A glimmer at the end of the tunnel.
12:00 AM, Dec 11, 2010 • By IRWIN M. STELZER
“Is it an earthquake or simply a shock?” asked Cole Porter in lyrics made famous by Frank Sinatra. That’s what policy analysts are asking about the sudden increase in the interest rates investors in U.S. government bonds are demanding, an increase only partly reversed at week’s end. One would have thought that news that President Obama and congressional Republicans had agreed on a deal on taxes would be soothing music to the ears of nervous investors. One would have been wrong. There is just too much Greek balalaika and Irish bagpipe music filling their ears for them to be soothed by the sweet sound of self-congratulation emanating from the White House and Capitol Hill.
Especially when the president and the Republicans are congratulating themselves on a compromise that increases the budget deficit now to perhaps a record $1.5 trillion in the 2011 fiscal year, estimates Lou Crandall, economist at Wrightson Icap, without cutting it at some later point. Congressional approval is likely but with at least one modification to appease House Democrats who are crying sell-out because the president reneged on his signature campaign pledge to end tax cuts for the rich. They seem likely to get the inheritance tax, which has been zero under the Bush cuts, and is set in the compromise at 35 percent on legacies in excess of $5 million, changed to 45 percent on estates in excess of $3.5 million.
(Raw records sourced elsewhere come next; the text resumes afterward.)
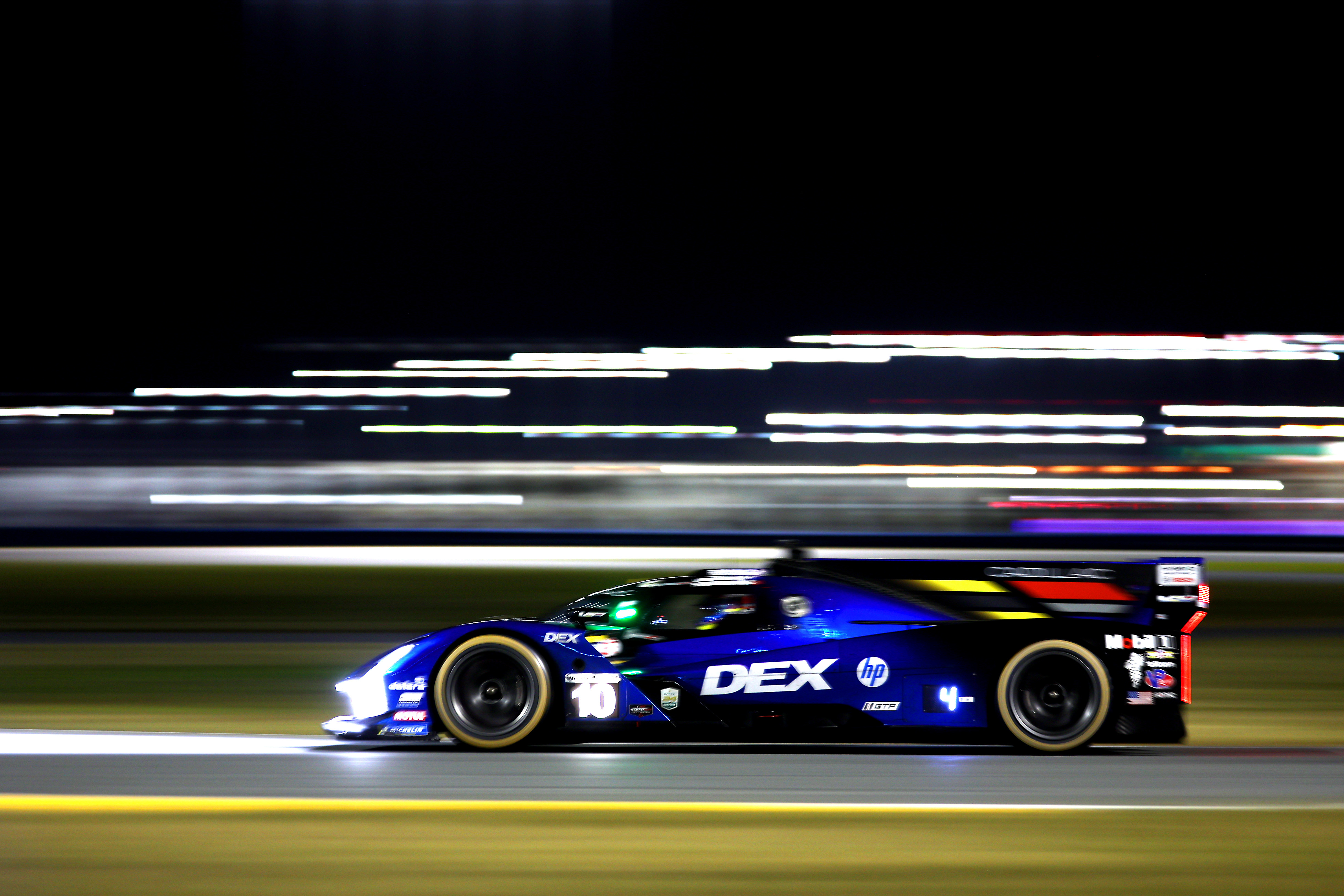 The #10 Cadillac Wayne Taylor Racing Cadillac on track and under the lights at the Rolex 24 hour event at Daytona International Speedway
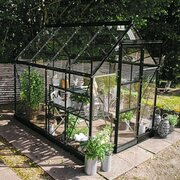 Halls Icon 6 6x8 greenhouse in black with toughened glass, shown as a freestanding garden greenhouse. Pre-order and save £307.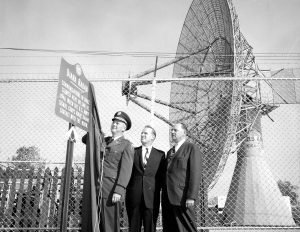 Military officer and officials in front of a Diana Radar sign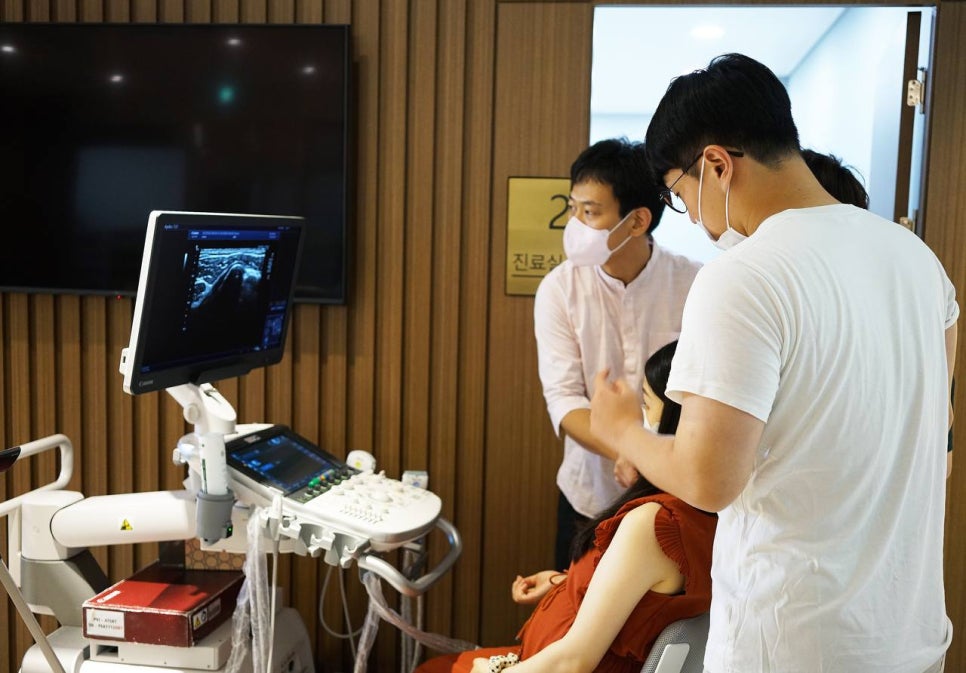 한의원 진료실에서 두 남성이 여성의 팔에 초음파 기기를 사용하며 화면을 보고 있는 모습 — 초음파 정밀 진단 | 서울 바로한의원 초음파 약침·도침·침도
The Bush tax cuts are to remain in place for two years for both Obama’s favored middle class and the higher-income taxpayers that most Republicans and many Democrats believe create jobs. Taxes on capital gains and dividends remain at 15 percent. My Hudson Institute colleague Diana Furchtgott-Roth, writing in RealClearMarkets.com, says the tax deal has saved the economy from “the massive fiscal contraction that would occur in January if taxes were allowed to rise.”
Other aspects of the deal are less pleasing to conservative deficit hawks. The 2 percent one-year reduction in employee payroll taxes for 2011 will add $50 billion to the deficit – its cost of $110 billion is partly offset by the lapsing of Obama’s $60 billion “Making Work Pay Credit” – and the agreement to extend unemployment benefits for 13 months after they expire at year-end adds another $56 billion. Not a lot of money as deficits go, but every billion matters, at least symbolically, when your deficit is crowding double digits and rising. And not a lot of money as stimuli go – three-tenths-of-one-percent of GDP according to some estimates, less say disciples of the great economist Milton Friedman. Recall: Friedman won a Nobel Prize for proving that a temporary tax cut is more likely to increase savings than spending.
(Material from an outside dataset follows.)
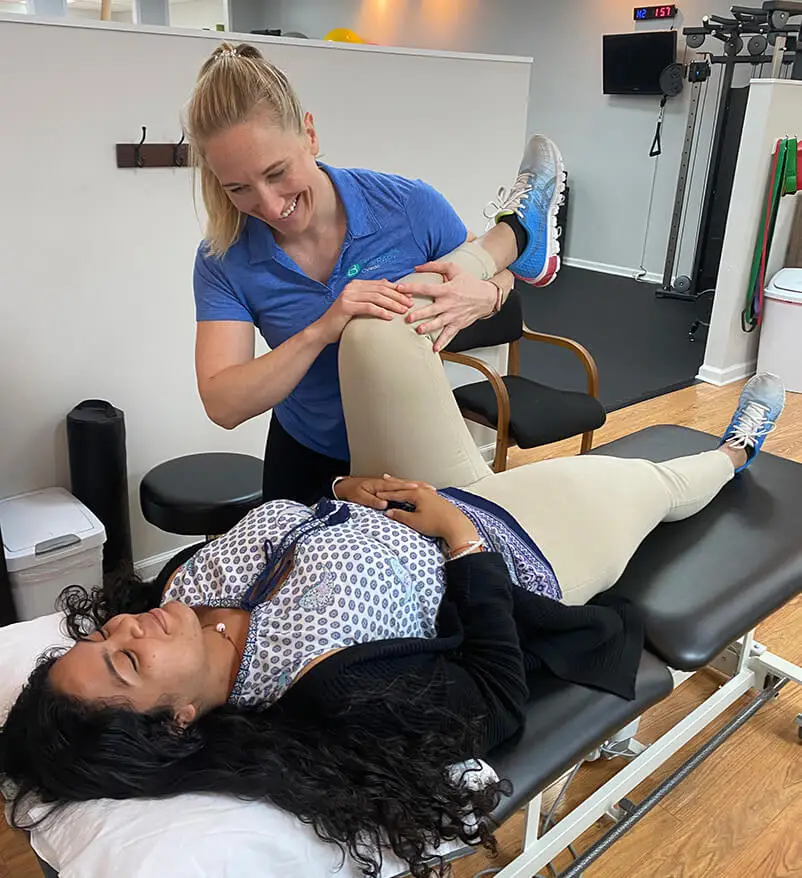 Physical therapist assessing woman's physical health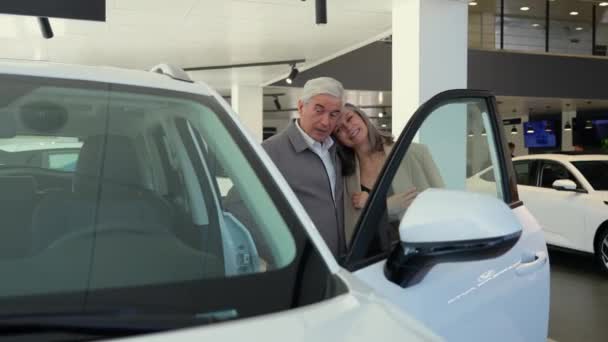 Yaşlı Beyaz Bir Çift Araba Galerisinde Yeni Bir Araba Seçiyor — Stok video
As pessimists see things, an opportunity to reduce the deficit has been foregone, while an opportunity to increase it has been grasped. The most dissatisfied believe that the tax increases should have been allowed to go into effect, reducing the deficit by $1 trillion, and relieving the market’s recent upward pressure on interest rates on government debt from what the Financial Times calls, “The ensuing stampede out of Treasuries since the announcement of the tax deal and its new stimulus measures…”.
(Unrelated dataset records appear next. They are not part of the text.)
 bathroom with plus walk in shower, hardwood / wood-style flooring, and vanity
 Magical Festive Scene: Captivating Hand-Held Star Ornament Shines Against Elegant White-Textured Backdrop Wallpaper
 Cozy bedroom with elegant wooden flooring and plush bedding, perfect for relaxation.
More spending now, but no deficit-reduction plan being put in place for implementation once the recovery is more robust. True, as the Lindsey Group consultancy is advising its clients, “The American economy has avoided a major political threat to its recovery….But…this bill does not materially change our expectations for subpar 2011 growth in the range of 2 to 2.5 percent.” Or for a continuation of European-style deficits.
Equally true is the fact that the deal seems to have done nothing to calm nervous investors in U.S. IOUs. Already on edge as Greek, Ireland, Portugal, Spain, Italy and, some say, France flirt with default on their sovereign debt, they are watching the printing presses churn out the dollars needed by the Federal Reserve Board to implement QE2, are hearing rumors of the possible launch of QE3, and are learning that compromise in Washington means lower taxes and more spending. No surprise that they are driving down the price of Treasury IOUs, raising interest rates.